Five hospitals in the Chicago area provided non-medical home care to 157 seniors, and the research team observed the effects over four years. The researchers compared the treatment group to 156 seniors who were not enrolled in the long-term home care program. Participants had to be at least 60. The average age was 81. All care recipients were homebound and medically underserved. At both nine months and four years, the seniors receiving long-term home care scored significantly better in cognitive function questions.

What is the SPMSQ (Short Portable Mental Status Questionnaire)?

Researchers used the SPMSQ, a validated tool of cognitive function.2 This simple test consists of ten questions:

  1. What are the date, month, and year?
  2. What is the day of the week?
  3. What is the name of this place?
  4. What is your phone number?
  5. How old are you?
  6. When were you born?
  7. Who is the current president?
  8. Who was the president before him?
  9. What was your mother’s maiden name?
  10. Can you count backward from 20 by 3’s?

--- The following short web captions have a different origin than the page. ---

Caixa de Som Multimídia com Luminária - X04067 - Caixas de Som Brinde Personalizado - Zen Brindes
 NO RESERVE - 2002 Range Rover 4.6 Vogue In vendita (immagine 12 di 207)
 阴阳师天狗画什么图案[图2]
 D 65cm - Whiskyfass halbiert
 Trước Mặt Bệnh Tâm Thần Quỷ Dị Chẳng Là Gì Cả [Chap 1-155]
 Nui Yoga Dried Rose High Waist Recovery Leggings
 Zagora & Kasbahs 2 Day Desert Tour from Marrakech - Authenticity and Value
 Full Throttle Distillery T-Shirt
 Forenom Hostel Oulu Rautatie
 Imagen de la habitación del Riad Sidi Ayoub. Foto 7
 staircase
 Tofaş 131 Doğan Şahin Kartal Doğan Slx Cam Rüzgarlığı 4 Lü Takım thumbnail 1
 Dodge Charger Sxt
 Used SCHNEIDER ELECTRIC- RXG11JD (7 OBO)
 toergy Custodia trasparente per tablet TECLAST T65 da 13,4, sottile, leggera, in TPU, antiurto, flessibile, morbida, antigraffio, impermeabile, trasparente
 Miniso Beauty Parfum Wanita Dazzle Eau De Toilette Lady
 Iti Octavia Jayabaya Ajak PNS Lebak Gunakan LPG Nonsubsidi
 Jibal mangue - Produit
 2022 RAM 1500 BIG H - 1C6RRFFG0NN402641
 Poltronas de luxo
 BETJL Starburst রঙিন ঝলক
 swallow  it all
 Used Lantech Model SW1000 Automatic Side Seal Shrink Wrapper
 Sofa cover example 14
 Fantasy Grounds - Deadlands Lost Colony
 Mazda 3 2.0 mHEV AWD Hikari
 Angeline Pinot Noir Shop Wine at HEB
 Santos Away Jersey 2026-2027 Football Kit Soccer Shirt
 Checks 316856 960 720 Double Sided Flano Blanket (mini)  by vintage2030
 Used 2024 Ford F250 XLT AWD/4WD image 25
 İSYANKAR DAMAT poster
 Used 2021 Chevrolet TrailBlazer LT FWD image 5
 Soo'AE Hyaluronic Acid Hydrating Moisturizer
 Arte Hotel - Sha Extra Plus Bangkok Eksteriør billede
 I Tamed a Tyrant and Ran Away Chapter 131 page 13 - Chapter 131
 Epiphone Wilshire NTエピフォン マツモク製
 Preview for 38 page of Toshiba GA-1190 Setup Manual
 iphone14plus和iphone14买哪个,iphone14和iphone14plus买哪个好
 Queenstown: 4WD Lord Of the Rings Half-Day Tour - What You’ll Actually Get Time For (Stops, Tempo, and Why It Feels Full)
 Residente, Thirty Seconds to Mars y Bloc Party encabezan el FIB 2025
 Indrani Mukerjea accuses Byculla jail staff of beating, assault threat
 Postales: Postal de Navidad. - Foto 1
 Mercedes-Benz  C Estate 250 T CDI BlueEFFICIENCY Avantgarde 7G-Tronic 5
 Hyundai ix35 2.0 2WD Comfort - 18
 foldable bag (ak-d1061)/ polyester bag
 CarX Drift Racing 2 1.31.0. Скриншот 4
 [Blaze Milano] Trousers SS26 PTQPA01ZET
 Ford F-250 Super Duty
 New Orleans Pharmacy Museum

Examiners score participants based on the number of errors made.

  • Normal mental functioning: 0-2 errors
  • Mild cognitive impairment: 3-4 errors
  • Moderate cognitive impairment: 5-7 errors
  • Severe cognitive impairment: 8 or more errors

The scoring is adjusted for education level. If the patient has grade school education or less, one more error is allowed in each category. On the other hand, if the patient has greater than a high school education, one less error is allowed in each category. For instance, a patient with a college degree would be scored as having mild cognitive impairment with two errors.

How Does Home Care Improve Cognition?

In this study, the care plan for each senior was individualized, so there was no telling exactly why the seniors receiving home care faired so well in cognitive function. One theory offered by the researchers is that greater socialization helped. Having aides visit at certain times and on certain days gave the seniors greater incentive to track the days and dates. Beyond that, the research surveys showed that seniors receiving long-term home care had greater contact with friends, relatives, and others.

Furthermore, aide services tend to give clients greater opportunities to enjoy better nutrition and engage in more activities with a greater sense of safety. Improved exercise and nutrition is shown to reverse cognitive impairment.


  1. Hughes SL, Conrad K, Manheim LM, Edelman PL. Impact of long-term home care on mortality, functional status, and unmet needs. Health Services Research. 1988 Jun;23(2):269.
  2. Pfeiffer E. A short portable mental status questionnaire for the assessment of organic brain deficit in elderly patients. Journal of the American Geriatrics Society. 1975 Oct;23(10):433-41.